The author’s family ties when it comes to boat building loop back to her great-great grandfather, George Washington Creef Sr., who was a ship carpenter during the second world war. He crafted a boat that could maneuver the shallow sound waters of Roanoke Island, known as a “shad boat.” In 1987, the General Assembly of North Carolina adopted the shad boat as the official state historic boat of North Carolina.
Creef Sr.’s sons George Washington Creef Jr. and Benjamin Howard helped keep their father’s boat designs alive. They built boats on the waterfront in downtown Manteo, where Creef Jr. constructed his most famous sharpie/bugeye known as the Hattie Creef. This masterpiece had her claim to fame when she carried crates between Elizabeth City and Kitty Hawk for the Wright brothers between 1900 and 1911; the crates contained parts that would lead to their successful airplane.
The impressive legacy continued on down the ancestral line. Parker’s father and uncle, Herbert Vernon Davis and Carson Ralph Davis, shared a love for boat building. While their main responsibilities were tied with the family store, their free time was spent working on new water-bound racing vessels. Parker shared that her father had boat building coursing through his veins: “He would tell me that you know what a boat is going to look like from the time you start building it, you don’t need a plan to do it, you just build it.”
The Davis brothers spent years perfecting their race boats, from their very first attempt on the Pat I, an air drive, single step hydro scow hand-built in the 1930s, to the Miss Bee Bee, the 1957 national champion of the Class E runabouts.

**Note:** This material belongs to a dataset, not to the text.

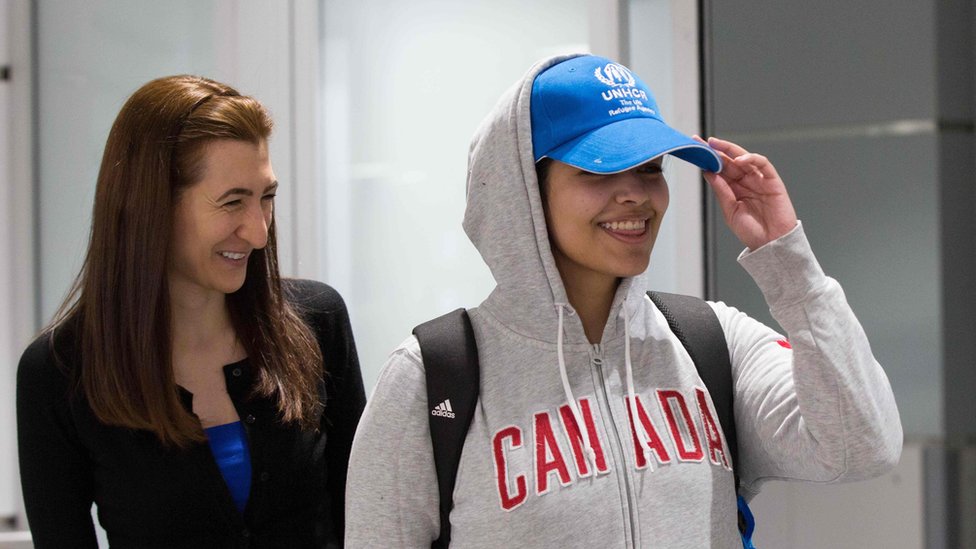 Rahaf Mohammed Al-Qunun a su llegada al aeropuerto de Toronto, 12 de enero de 2019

The writer began preserving this family history back in 2014, when she was going through boxes of materials from her childhood home. She found letters and photos from her family and decided it was time to document the hard work her family had so passionately pursued.
“What really has sparked my interest was that fact that I am now the matriarch of the family,” Parker said. “I wanted to leave a legacy for my boys and my sister’s children: this is your family, this is where you came from and it doesn’t need to be forgotten.”

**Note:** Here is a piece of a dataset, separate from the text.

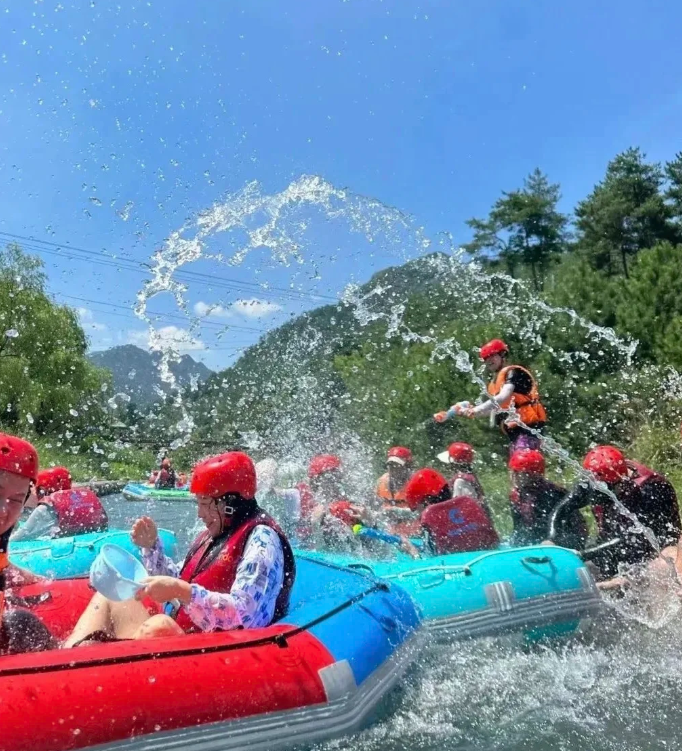 夏日逃离计划！体验清爽夏日│牛背梁漂流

She began by organizing the memorabilia from the boxes she had found and reached out to family, friends and those who had purchased the boats her family had built. Then she got to researching. “In doing research, my ultimate aim was to research their race boats. As I researched these race boats, I found out things I never knew: my dad and uncle’s race boats held international, national and local records from the 1930s to the 1960s. That’s pretty amazing when you think about it.”

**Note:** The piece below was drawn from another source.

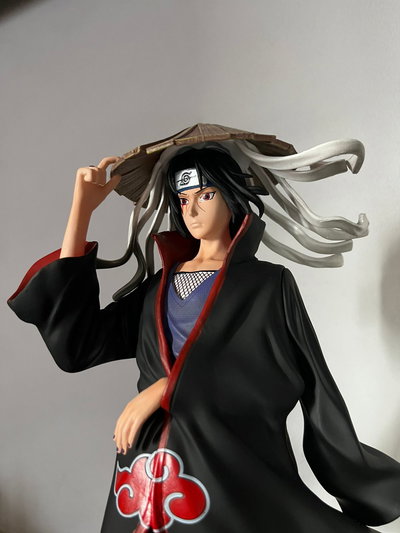 DIORAMA DE ITACHI (NARUTO) 40CM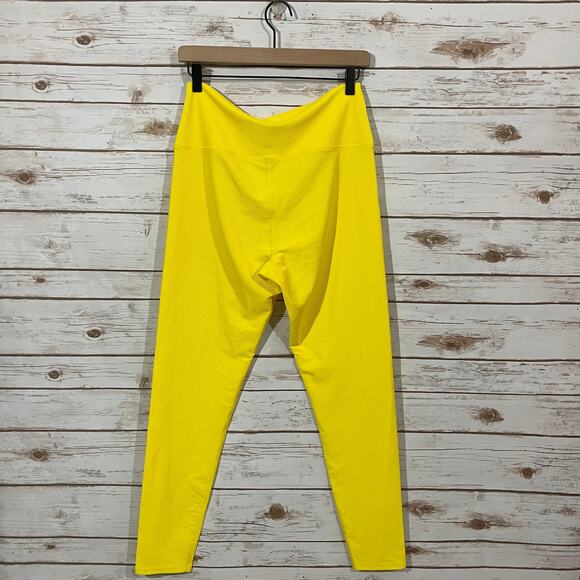 NWOT Beach Riot Sport Workout Set - Yellow - XL - Picture 9 of 16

Parker realized her family’s success was an integral part of Dare County’s history that many people do not recollect. Along with running a prominent business on Roanoke Island for around 100 years, the Davis-Creef line contributed greatly to the boating world.
This book gives the reader a chance to meet the boat builders, take a glimpse into Manteo’s history and discover what life was like racing boats – who built them, where they ended up and who they met along the way. Parker shared that she gained a whole new family by attending races throughout her life. And family, along with independence, free will and perseverance, were values her father held in the highest regard. “My hope is that people will see that if you are willing to work hard and persevere through hard times that you can succeed at anything you want to do.”